Onto bigger and better subjects. can you please tell me is there an extra expense to taking ED and can it be done if you are going to lease the car or is it only for purchases? sounds like a cool thing to do, and I may do that when my 05 325i 2 year lease expires in May..
Sorry but many of us see dealerships as a holding station - sort of the equivalent of Best Buy with cars. We just buy the car there...the salesguy is irrelevant as he adds no value to the transaction (just like the kid at Best Buy).
The 2006 xi's begins production in sept. It will blow this car away with x-drive and all the new technology.
But i'd pass on it. Get your 330xi via ED and save your pennies until the car is built.
ED is not the way to go. Some of this advice being thrown around is absurd.

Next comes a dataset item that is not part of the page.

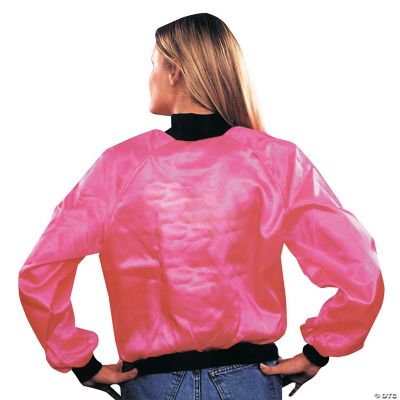 Pink Ladies Jacket Adult Women’s Costume Oriental Trading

Mark one up for the car salesman.
1. Where are you getting ED prices that are so bad? My guess is you're working off the BMW site's listing for ED prices. Only an ill-informed consumer would try to negotiate ED based on that price structure- it's a financial raping by the dealer. ED munich pick up invoice price is the starting point for negotiating (30,720). From there you add options and $400 profit. Usually you negotiate to $1000-1200 over ED munich pick up invoice pricing. Check other forums or even the one on Edmunds for a tutorial on how to do this. Their are dealers all over the country that will make this happen.
2. We're talking about professionals mostly buying these cars. Ever heard of PTO? It's not that rare...in fact I've never had a job without PTO. If I take 2 days (max of what I'd really need to accomplish ED easily) or two weeks, I still get my paycheck.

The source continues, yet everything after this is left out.